Reputation: 7605
I need to create a query which selects from a particular table the users which have more than one different email. To distinguish users, I group them based on two fields: name and age. Let's see this with an example.
So I have a table like this:
name age email phone
----------------------------------
Andy 20 Andy@du 1234
Berni 21 Berni@du 2345
Carol 22 Carol@du 3456
Andy 20 Andy@du 4321
Berni 21 Berni@et 2345
Dody 28 Dodi@du 7869
Carol 22 Carol@pt 3456
What I want to get is:
Berni 21 Berni@du, Berni@et
Carol 22 Carol@du, Carol@pt
Note that Andy is also twice in the database but with same email (what changes is the phone number). Because of this user I need to make a distinc over email, so only users with two different emails are selected.

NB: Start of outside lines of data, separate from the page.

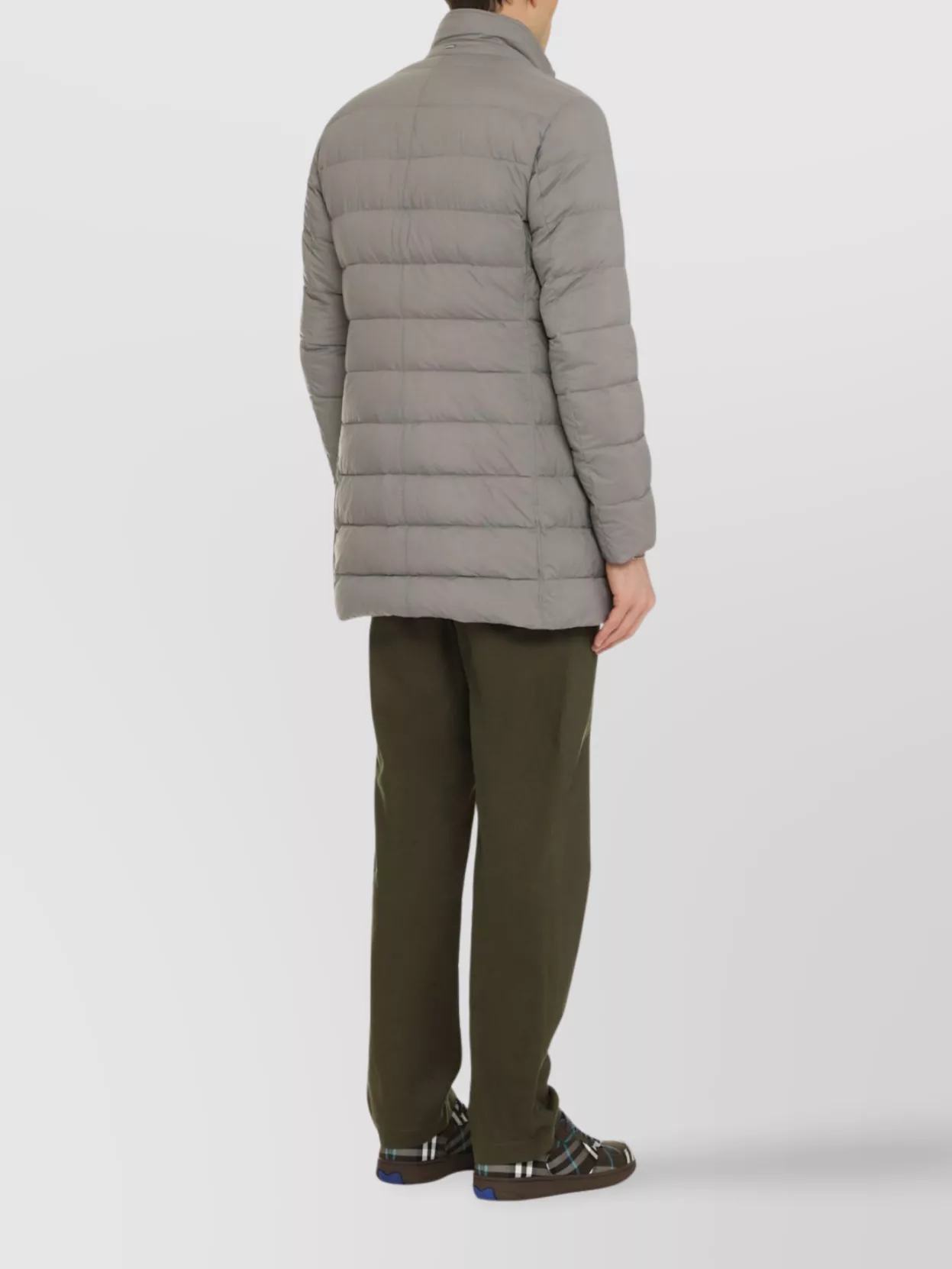 Herno Recycled Padded Quilted Down Jacket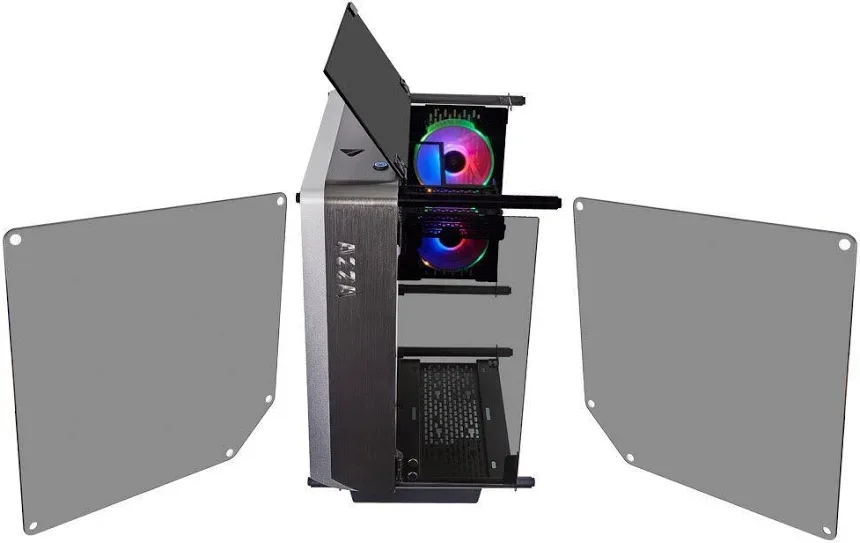 Azza Optima 803 ATX - vue 2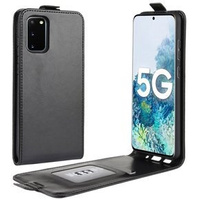 Cu clapetă pentru Samsung Galaxy S20 FE, Flip, negru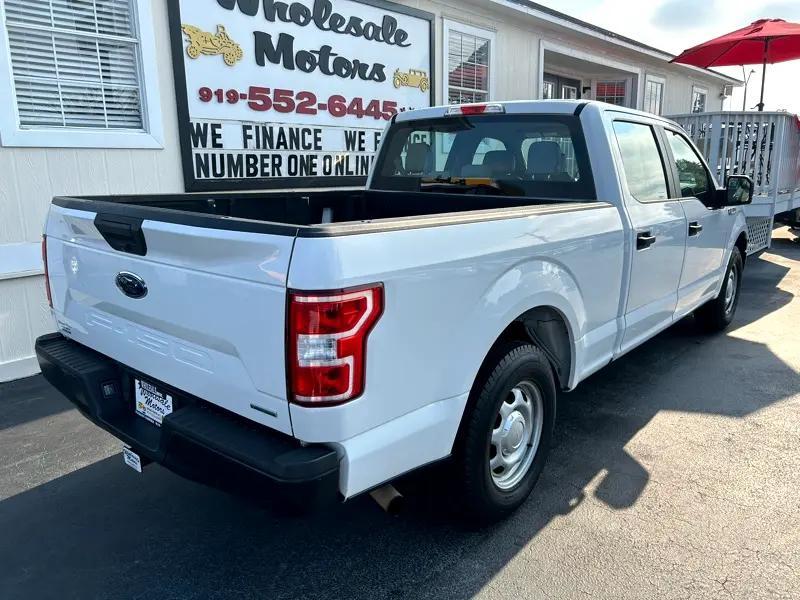 used 2018 Ford F-150 car, priced at $16,995
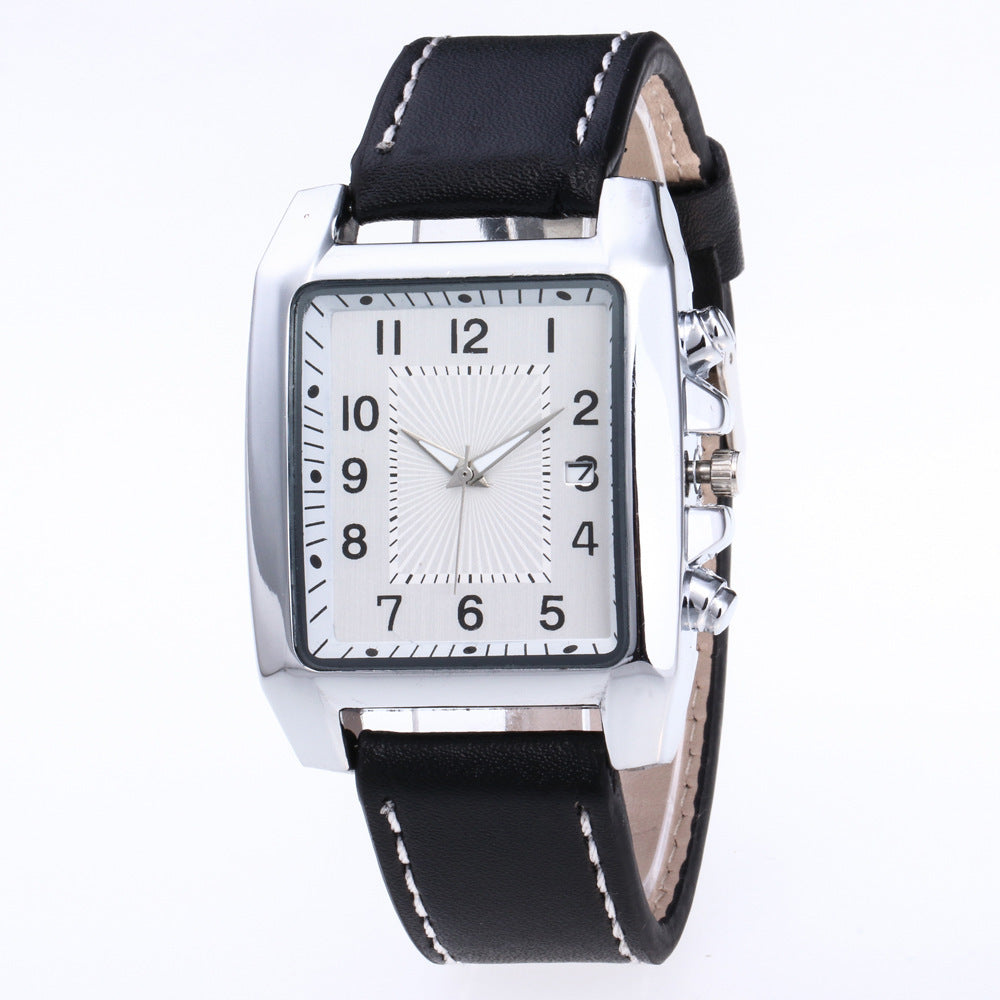 Montre pour hommes Square Fashion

With this query I am able to solve the issue and I have the desired result.
select * from
(
select aux.name,
aux.age,
concat_ws(',',collect_set(email)) as email
FROM
(select a.name, a.age, a.email
FROM TestUsers a
RIGHT JOIN
(select name,
age
FROM TestUsers
GROUP BY
name,
age
having count(*) > 1
)b
ON a.name = b.name
AND a.age = b.age
)aux
GROUP BY aux.name,
aux.age
)tr
where locate(",",tr.email) > 0;
But I am sure it has to be a more efficient way than checking when there is not a comma in the email field(which means more than one email).
Has anyone in mind a better approach?
Upvotes: 2
Views: 809
Reputation: 1269773
If I understand correctly, you should be able to do this using a having
clause:
select tu.name, tu.age,
concat_ws(',', collect_list(tu.email)) as emails
from (select distinct tu.name, tu.age, tu.email
from TestUsers tu
) tu
group by tu.name, tu.age
having count(*) > 1;
Actually, because collect_set()
removes duplicates, this should work without a subquery:
select tu.name, tu.age,
concat_ws(',', collect_set(tu.email)) as emails
from testusers tu
group by tu.name, tu.age
having min(tu.email) <> max(tu.email);
Upvotes: 2